I chose to present the current progress of our MTTEP Erasmus+ project which fitted into the 'Making quality education a reality for all learners' track since the main purpose of the MTTEP project is to leverage pedagogical change by ensuring newly qualified teachers are trained in the use of mobile technologies by their tutors in universities and schools. The presentation itself can be viewed at : https://www.zeetings.com/kevinburden/0001-4877-0002 and using this online platform (Zeetings) viewers can also leave questions and make comments.

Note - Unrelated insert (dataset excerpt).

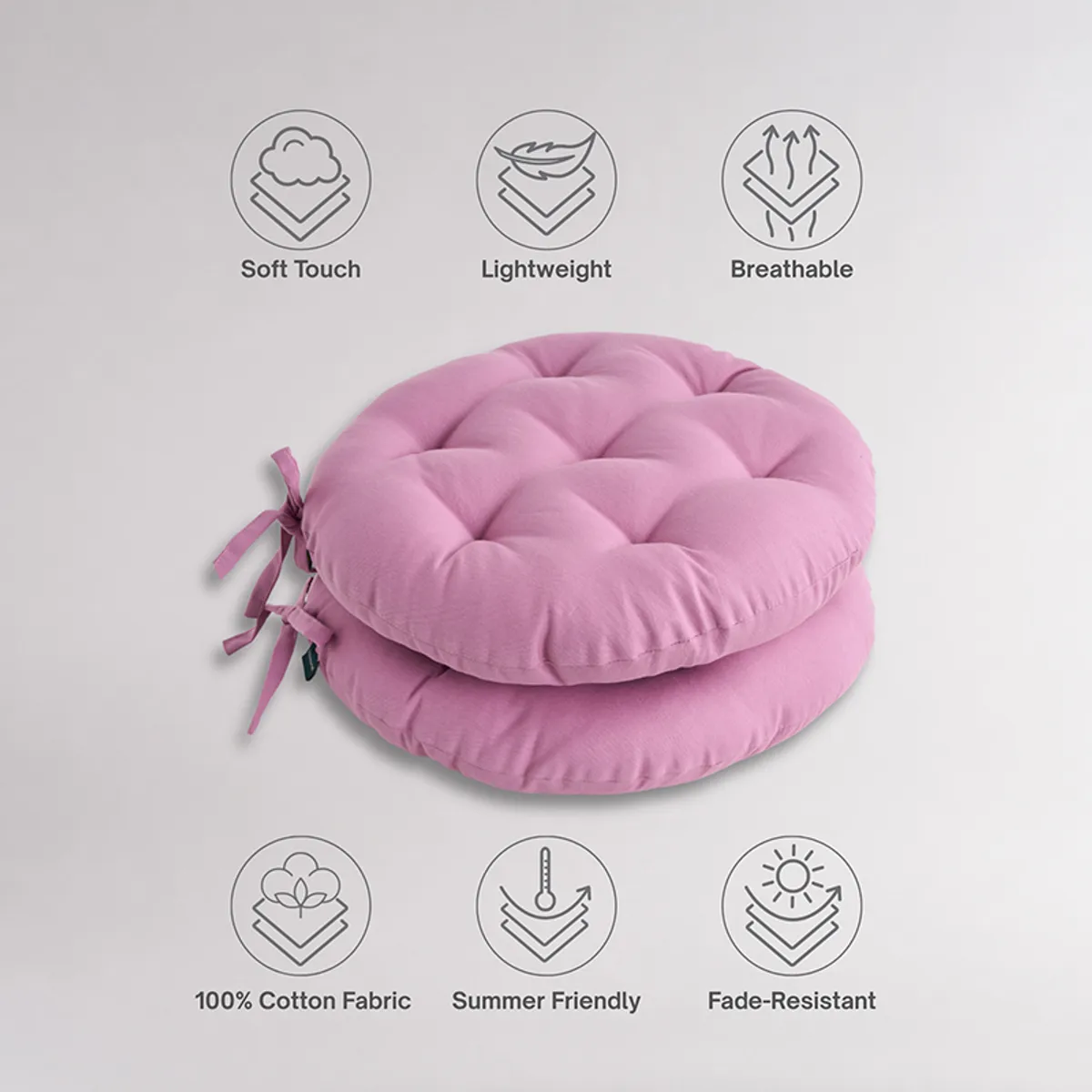 Two stacked lilac round chair pads with tufted surface and tie-ups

The thrust of my presentation was based on the research I have undertaken with colleagues in Australia that shows how teachers, and teacher educators in particular, are not yet fully aware of the range of pedagogical approaches afforded through the use of mobile technologies to bring about more personalised, authentic and collaborative learning opportunities for students. I presented the iPAC framework for mobile learning which we have developed and explained how the Mobilising and Transforming Teacher Educators' Pedagogies project is utilising this framework to underpin the development of a mobile learning toolkit for teachers. This will include an online survey tool to evaluate and measure users current adoption of mobile technologies; a series of multimedia mobile learning case studies to illustrate best practice; a rubric for evaluating the pedagogical value of apps; a selection of eBooks and a 12 week online course helping educators to understand how best to use mobile technologies for pedagogical purposes. All of these resources will be available freely as OER under a Creative Commons license.
The audience was composed of educators, policy-makers and school leaders who were interested to find out how the mobile learning toolkit might be of value to them. Feedback was extremely positive with many enquiries about using the toolkit and working alongside us as we develop a wider network of users. There was also interest from publishers and others involved in the creation of eBooks since the early stages of the project have featured the development of these resources.